Governments have a history of subsidizing clean energy technologies, including renewable electricity sources, biofuels, alternative vehicles, and efficient lighting and appliances. From an economic point of view, the subsidy for consumer use of clean energy technologies is primarily justified through two different conceptual arguments. First, a subsidy prompts consumer adoption of the technology, which yields direct environmental benefits in the form of reduced emissions. The second justification is that the subsidy, as a demand-pull policy tool, provides indirect innovation benefit through stimulation of technological progress and cost reductions. However, the two conceptual approaches are incomplete on their own and have not been combined in an analysis of clean energy subsidies.

In this research, we synthesize the two views and develop an integrated framework for analyzing the direct and indirect effects of government subsidy levels. We use this framework to estimate optimal subsidy schedules for residential solar photovoltaics.
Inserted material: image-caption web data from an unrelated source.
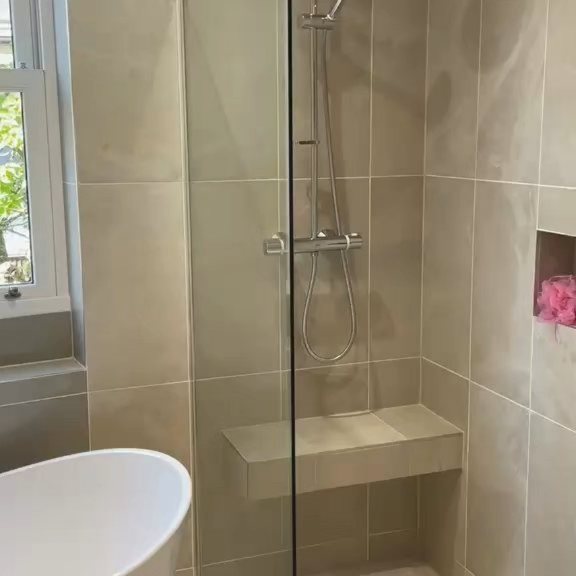 Tiled shower enclosure with glass screen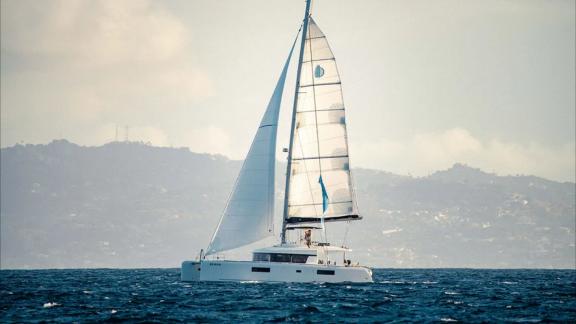 Akana sails under full canvas on open sea with hilly coastline in the background.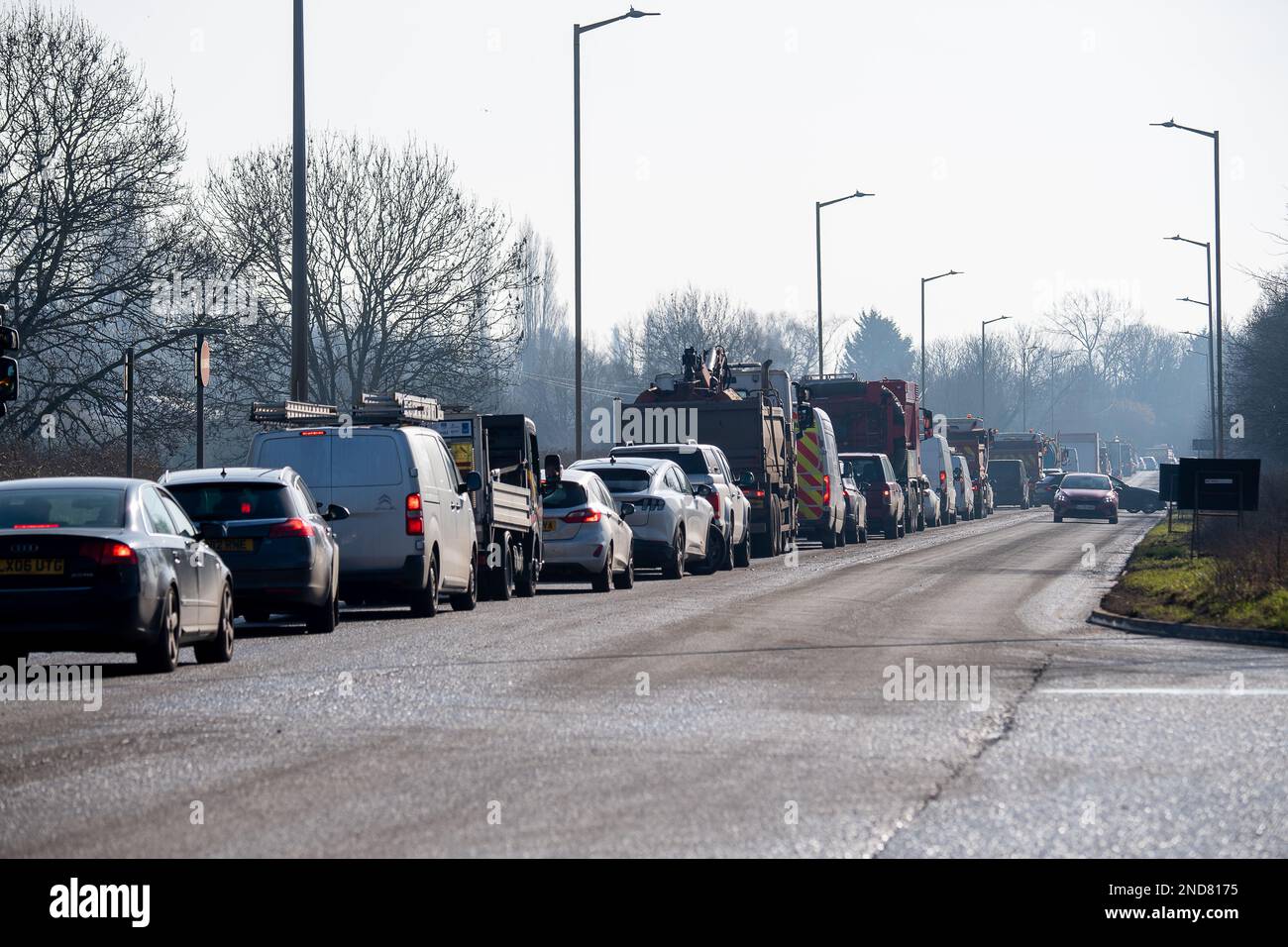 West Hyde, Hertfordshire, UK. 15th February, 2023. There were long queues today on the A412 London Oribtal Road in Denham and West Hyde due to HS2 traffic lights outside their Denham compound off the A412. A Police car with blue flashing lights was delayed and many motorists decided to turn around and go back towards Maple Cross as the queues were so long heading into Denham. HS2 contractor lorries that use the A412 were also stuck in the traffic jams. Credit: Maureen McLean/Alamy Live News Stock Photo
The framework integrates three types of techno-economic models: technology adoption, technological progress, and environmental emissions models. The adoption model quantifies expected technology adoption with and without a subsidy. The technological progress model estimates cost reductions driven by adoption and those attributable to the subsidy. Total environmental benefits from adoption in a given year are estimated with an emissions model that quantifies and monetizes emissions reductions.

We supplement our integrated framework with additional data on residential solar PV cost and energy prices across the U.S. to evaluate different levels of government support. We identify a socially optimal federal subsidy trajectory that maximizes the total net benefits (i.e. emission-reduction benefits minus the cost of government subsidies). Results indicate that subsidies that decline over time have greater net social benefits than flat subsidies, with the optimal trajectory dictated by the assumed social discount rate. At a 5% discount rate, optimal subsidy levels for residential solar start at $250/kW today and decline to $10/kW in 10 years, while a 3% discount rate suggests a subsidy that falls from $540/kW to $16/kW over 11 years. The model also demonstrates other important features of optimal subsidies. This includes the observation that greater heterogeneity in the private economics of a technology results in a lower level of optimal subsidies because of a stronger ability for early adopters to drive technological progress without intervention. The method we present can easily be extended to other technologies or integrated with more sophisticated modeling of system components, and offers a general framework for integrating direct and indirect benefits of government support for emerging energy technologies.